For you Bitcoin enthusiasts...
We had a marvellous sleep after a tedious travel day and went out in search of our morning coffee. I really enjoyed Turkish coffee but I admit, the quality was there but not the quantity. I have been missing my 3 or 4 cups of coffee every morning. Across the street from our bus stop is a lovely little bakery that sells Lattes. it is sooooo busy! People lined up at the tills, cars double-parked on the street — and it was like this when we went home tonight. A little gold mine. Rick had a chocolate croissant and I had a triangular pastry with pistachios on top. Rick’s croissant was MASSIVE and absolutely overflowing with chocolate sauce. Mine was like a really huge piece of baclava - oozing honey. Not exactly the breakfast of champions but quite yummy!
Bus number 1 to the city centre, bus number 2 to the entrance of Knossos.
An amazing site. Have I said that in every day’s blog on this trip? 5 storeys high in places. 1,300 rooms. The Minoan civilization crashed before the Greeks’ golden age had even begun. We will have to read a lot more about this civilization when we get home. One interesting tidbit: Greek columns taper upward so that the larger base gives the stone columns some stability. Minoan columns are wider at the top — because they were made out of cypress trunks that were inverted to prevent them from sprouting.
Beautiful fresco but sort of made up. Apparently Arthur Evans pieced it together rather arbitrarily. Some pieces were even found in different rooms!
In the following picture you can easily see where interventions have taken place. Arthur Evans was here before the rules are archaeologists were set in stone, pardon the pun. He guessed at many things, and rebuilt sections based on his guesses rather than accurate archaeological evidence. Bad thing. However, you can clearly see rocks at the site that have really been destroyed by the weather over the last 3500 years. I haven’t seen this kind of damage before. I’m not an archaeologist but I will make the assumption that the rock is softer here, or of a different composition and is therefore more prone to damage. In any case, Evans’ interventions, concrete caps, supports etc have certainly helped to preserve elements of the site.

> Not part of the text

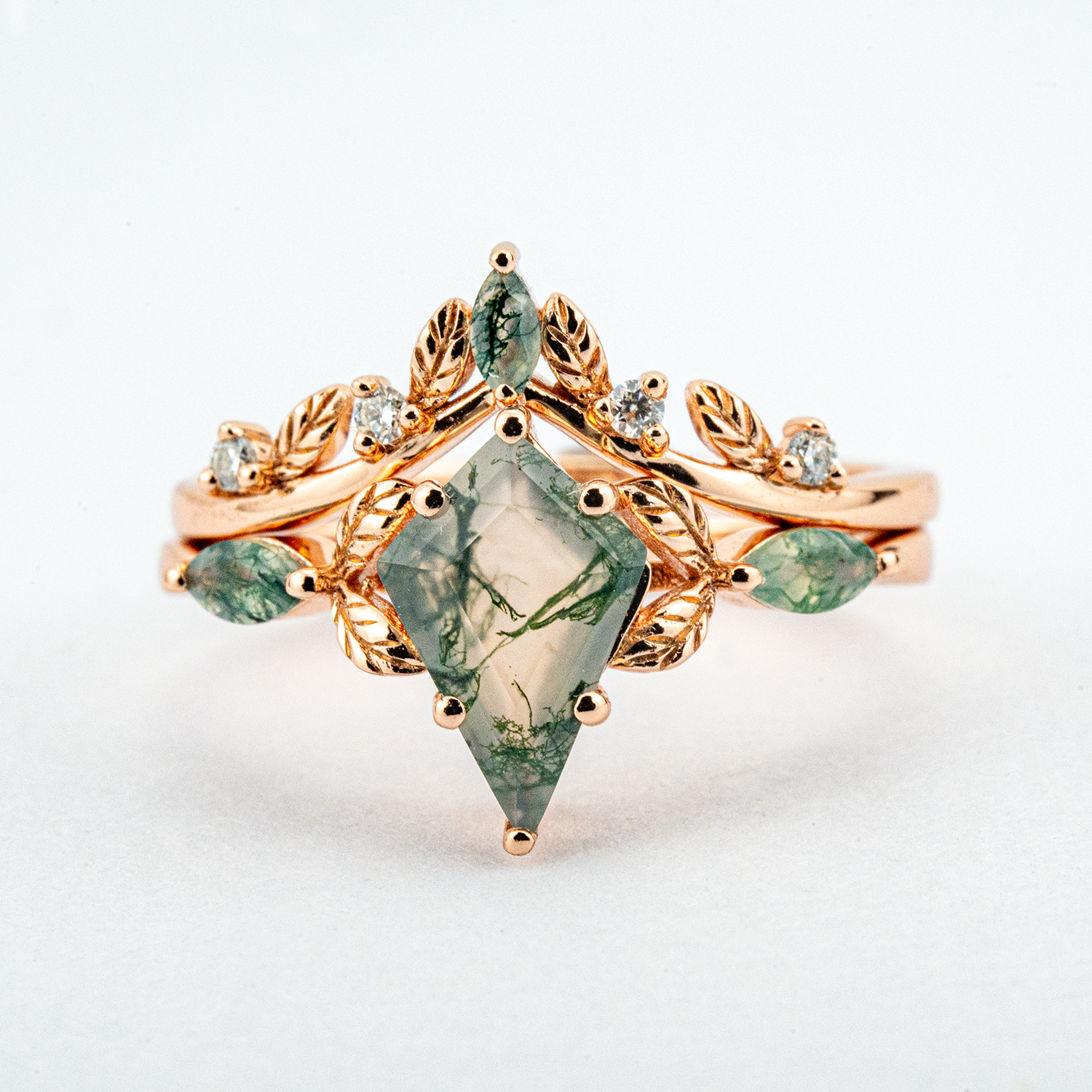 Kite Moss Agate Ring Set with intricate leaf detailing, ideal for eco-conscious fashion enthusiasts.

After visiting the site, we went back to the City Centre to visit the Archaeological Museum. It is the best museum we have seen on this trip, by far. Very clear text panels trace the history of Crete and the Minoan civilization from about 6 or 7000 BC to after the Romans. Thousands of artifacts, beautifully displayed and lit, and clearly labelled.
By the end of the day, even though we had not walked far, we were totally Minoaned-out! Tomorrow will be a wandering day in Chania.